SeaWorld Orlando has earned the title of “Certified Autism Center,” matching its two sister Orlando parks after park employees completed extra training on autism sensitivity and awareness.

SeaWorld Entertainment has placed a special emphasis on these autism-friendly certifications over the past year. In April 2018, Pennsylvania’s Sesame Place became the first theme park to earn the distinction. The Aquatica Orlando water park and Discovery Cove animal interaction followed suit earlier this year.

When the designation was given to Discovery Cove in February, SeaWorld spokesperson Lori Cherry told Orlando Rising to expect SeaWorld Orlando to earn the same certification in the near future.

“We are incredibly proud to be the first family of Orlando theme parks to achieve these certifications,” Mark Pauls, SeaWorld Orlando park president, said in a press release. “We want to create lasting memories for all our guests. As families start planning their summer travel, the resources and tools that our parks now offer can provide peace of mind for families with members that have autism and other special needs.  Our parks and staff are now equipped to offer families inclusive activities, helping to ensure meaningful experiences for everyone.”

The certification comes from the Jacksonville-based International Board of Credentialing and Continuing Education Standards (IBCCES). Along with the employee training and an onsite review by IBCCES, the park will offer several resources to guests with sensory processing issues, such as a sensory guide for each attraction and show at SeaWorld and “quiet rooms” where those guests can “take a break from the sensory overload often found in theme parks.”

One of these rooms is located in the park’s new Sesame Street section.

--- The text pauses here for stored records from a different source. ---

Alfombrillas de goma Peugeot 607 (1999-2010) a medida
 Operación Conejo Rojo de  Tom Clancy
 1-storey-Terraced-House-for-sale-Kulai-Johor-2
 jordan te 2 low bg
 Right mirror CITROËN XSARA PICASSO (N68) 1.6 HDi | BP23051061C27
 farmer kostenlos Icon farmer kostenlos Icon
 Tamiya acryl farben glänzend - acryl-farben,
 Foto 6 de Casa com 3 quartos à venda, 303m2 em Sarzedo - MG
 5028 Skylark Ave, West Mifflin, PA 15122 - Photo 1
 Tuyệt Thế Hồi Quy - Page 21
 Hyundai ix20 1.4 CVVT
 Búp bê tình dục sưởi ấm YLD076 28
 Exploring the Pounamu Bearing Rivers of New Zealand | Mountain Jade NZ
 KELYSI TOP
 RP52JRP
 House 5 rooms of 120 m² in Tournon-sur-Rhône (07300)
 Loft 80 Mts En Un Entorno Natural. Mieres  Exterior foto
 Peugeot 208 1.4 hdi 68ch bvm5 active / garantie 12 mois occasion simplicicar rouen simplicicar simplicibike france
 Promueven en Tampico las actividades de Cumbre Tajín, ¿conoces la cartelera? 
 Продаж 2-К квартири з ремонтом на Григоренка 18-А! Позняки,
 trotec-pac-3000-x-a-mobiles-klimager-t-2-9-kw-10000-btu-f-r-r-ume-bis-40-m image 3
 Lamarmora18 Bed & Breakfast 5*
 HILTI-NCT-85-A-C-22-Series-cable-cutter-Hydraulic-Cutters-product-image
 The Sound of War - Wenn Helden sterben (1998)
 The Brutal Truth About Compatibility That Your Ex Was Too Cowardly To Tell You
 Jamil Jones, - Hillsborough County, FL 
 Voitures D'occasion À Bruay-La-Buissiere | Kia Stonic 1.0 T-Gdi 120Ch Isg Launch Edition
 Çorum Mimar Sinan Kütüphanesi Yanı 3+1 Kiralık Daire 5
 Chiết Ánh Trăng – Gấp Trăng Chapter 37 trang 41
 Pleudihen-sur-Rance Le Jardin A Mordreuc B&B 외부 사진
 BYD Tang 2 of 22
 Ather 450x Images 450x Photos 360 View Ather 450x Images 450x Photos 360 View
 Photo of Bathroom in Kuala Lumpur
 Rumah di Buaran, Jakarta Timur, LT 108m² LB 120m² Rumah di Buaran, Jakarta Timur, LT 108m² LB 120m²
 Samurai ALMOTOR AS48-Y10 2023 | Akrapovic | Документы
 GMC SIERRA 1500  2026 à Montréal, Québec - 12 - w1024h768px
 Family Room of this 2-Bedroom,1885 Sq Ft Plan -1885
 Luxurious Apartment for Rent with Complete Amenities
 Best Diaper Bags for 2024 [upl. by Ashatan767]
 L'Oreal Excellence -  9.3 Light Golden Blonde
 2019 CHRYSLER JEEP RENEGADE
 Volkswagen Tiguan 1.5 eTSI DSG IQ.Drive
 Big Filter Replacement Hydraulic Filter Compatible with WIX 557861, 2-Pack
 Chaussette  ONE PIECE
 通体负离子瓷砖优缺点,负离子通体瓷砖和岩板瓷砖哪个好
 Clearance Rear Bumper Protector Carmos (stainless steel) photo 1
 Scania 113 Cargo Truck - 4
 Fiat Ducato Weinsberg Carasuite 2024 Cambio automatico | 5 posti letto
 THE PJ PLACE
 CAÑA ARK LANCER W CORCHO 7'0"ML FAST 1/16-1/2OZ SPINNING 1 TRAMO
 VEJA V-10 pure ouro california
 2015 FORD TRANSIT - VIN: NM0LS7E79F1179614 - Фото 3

In order to retain the certification, employees will have to repeat the autism training every two years, including a “comprehensive autism competency exam.” IBCCES board chairman Myron Pincomb hopes other theme parks follow SeaWorld’s lead in offering additional resources to guests on the autism spectrum.

“This should be the industry standard  and we’re working with leaders in the field to make that happen,” Pincomb said. “Thousands of hours of hard work and training have been completed by SeaWorld’s dedicated ambassadors, and they are opening doors for all individuals to engage in the different activities the parks have to offer. Having conducted an onsite review of the park property and guest experience, we have seen firsthand SeaWorld’s commitment and contributions to education and animal care and their enthusiasm for sharing those experiences with all guests.”